X_die = die_roll_rv(10)
print("\nDie Roll Random Variable:")
print(f"  X values: {X_die}")
print(f"  Mean: {X_die.mean():.2f}")

Die Roll Random Variable:
  X values: [3 3 3 5 4 3 6 5 2 4]
  Mean: 3.80
# Example 3: Sum of two dice
# Random variable Y = X1 + X2

def two_dice_sum_rv(n_rolls=10):
    """Sum of two dice - a function of two random variables."""
    X1 = np.random.randint(1, 7, size=n_rolls)
    X2 = np.random.randint(1, 7, size=n_rolls)
    Y = X1 + X2
    return X1, X2, Y

X1, X2, Y = two_dice_sum_rv(10)
print("\nSum of Two Dice:")
print(f"  Die 1: {X1}")
print(f"  Die 2: {X2}")
print(f"  Sum Y: {Y}")
print(f"  Possible values of Y: {set(range(2, 13))}")

Sum of Two Dice:
  Die 1: [6 6 2 4 5 1 4 2 6 5]
  Die 2: [4 1 1 3 3 2 4 4 6 6]
  Sum Y: [10  7  3  7  8  3  8  6 12 11]
  Possible values of Y: {2, 3, 4, 5, 6, 7, 8, 9, 10, 11, 12}

A random variable is NOT random by itself. The randomness comes from the underlying experiment. The variable is just a systematic way to assign numbers to outcomes.

Think: “Random experiment” + “Numerical assignment rule” = “Random variable”

Part 2: Probability Mass Function (PMF)

2.1 Thinking Lens

Once we have a random variable, we want to know: how likely is each value?

For discrete random variables, the PMF answers this question. It tells us the probability of the random variable taking each specific value.
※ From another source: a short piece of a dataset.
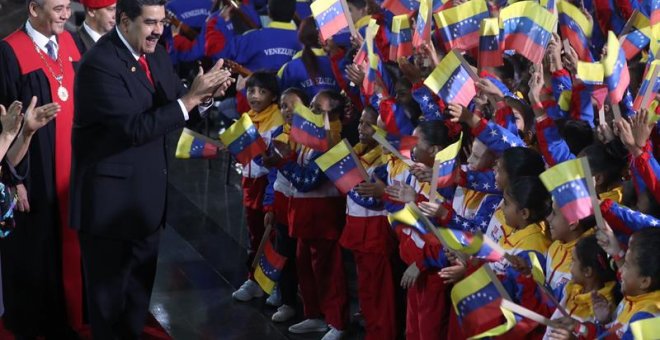 El presidente de Venezuela, Nicolás Maduro, saluda a un grupo de niños a su llegada a su ceremonia de investidura para un segundo período de gobierno. - EFE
Think of PMF as a “probability bar chart”:

  • Each possible value gets a bar
  • The height of each bar is the probability
  • All bar heights must sum to 1

For a fair die:

  • P(X = 1) = 1/6
  • P(X = 2) = 1/6
  • … and so on

The PMF completely describes the behavior of a discrete random variable.

2.2 Definition

The Probability Mass Function (PMF) of a discrete random variable \(X\) is:

\[ p_X(x) = P(X = x) \]

Properties of PMF:

  1. Non-negativity: \(p_X(x) \geq 0\) for all \(x\)
  2. Normalization: \(\sum_x p_X(x) = 1\)

For a fair die with \(X \in \{1, 2, 3, 4, 5, 6\}\):

\[ p_X(x) = \frac{1}{6} \quad \text{for } x \in \{1, 2, 3, 4, 5, 6\} \]

The PMF shows the probability of each discrete value. For a fair die, each outcome has equal probability 1/6.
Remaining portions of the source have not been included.